Segment Open

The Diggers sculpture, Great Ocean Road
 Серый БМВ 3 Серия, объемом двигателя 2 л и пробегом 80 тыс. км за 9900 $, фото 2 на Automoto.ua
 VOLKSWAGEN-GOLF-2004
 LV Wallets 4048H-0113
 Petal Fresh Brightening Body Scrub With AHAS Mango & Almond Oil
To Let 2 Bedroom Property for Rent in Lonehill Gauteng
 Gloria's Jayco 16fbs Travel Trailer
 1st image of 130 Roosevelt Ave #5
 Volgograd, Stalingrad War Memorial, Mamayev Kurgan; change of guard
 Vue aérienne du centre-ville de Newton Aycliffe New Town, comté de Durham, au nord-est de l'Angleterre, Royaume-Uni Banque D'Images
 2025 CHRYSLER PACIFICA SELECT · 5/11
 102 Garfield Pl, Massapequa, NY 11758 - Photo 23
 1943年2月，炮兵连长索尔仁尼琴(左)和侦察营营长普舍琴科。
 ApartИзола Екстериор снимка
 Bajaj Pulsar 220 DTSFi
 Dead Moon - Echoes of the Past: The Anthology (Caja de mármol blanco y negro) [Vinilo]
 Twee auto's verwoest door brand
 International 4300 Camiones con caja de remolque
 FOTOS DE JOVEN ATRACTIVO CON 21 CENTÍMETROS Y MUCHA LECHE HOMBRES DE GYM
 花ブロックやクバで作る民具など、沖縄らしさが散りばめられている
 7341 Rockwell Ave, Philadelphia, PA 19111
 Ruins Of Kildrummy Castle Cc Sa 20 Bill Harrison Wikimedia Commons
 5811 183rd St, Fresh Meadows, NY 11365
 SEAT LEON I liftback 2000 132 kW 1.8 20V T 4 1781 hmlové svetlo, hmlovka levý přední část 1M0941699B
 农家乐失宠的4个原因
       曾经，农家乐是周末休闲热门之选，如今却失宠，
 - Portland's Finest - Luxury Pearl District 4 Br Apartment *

Segment Closed

## WHAT THE TASK REQUIRES
Please print the material above exactly as it appears, from its first line through the line containing "Volgograd, Stalingrad War", inclusive, and stop there.

## RESULT BELOW
The Diggers sculpture, Great Ocean Road
 Серый БМВ 3 Серия, объемом двигателя 2 л и пробегом 80 тыс. км за 9900 $, фото 2 на Automoto.ua
 VOLKSWAGEN-GOLF-2004
 LV Wallets 4048H-0113
 Petal Fresh Brightening Body Scrub With AHAS Mango & Almond Oil
To Let 2 Bedroom Property for Rent in Lonehill Gauteng
 Gloria's Jayco 16fbs Travel Trailer
 1st image of 130 Roosevelt Ave #5
 Volgograd, Stalingrad War Memorial, Mamayev Kurgan; change of guard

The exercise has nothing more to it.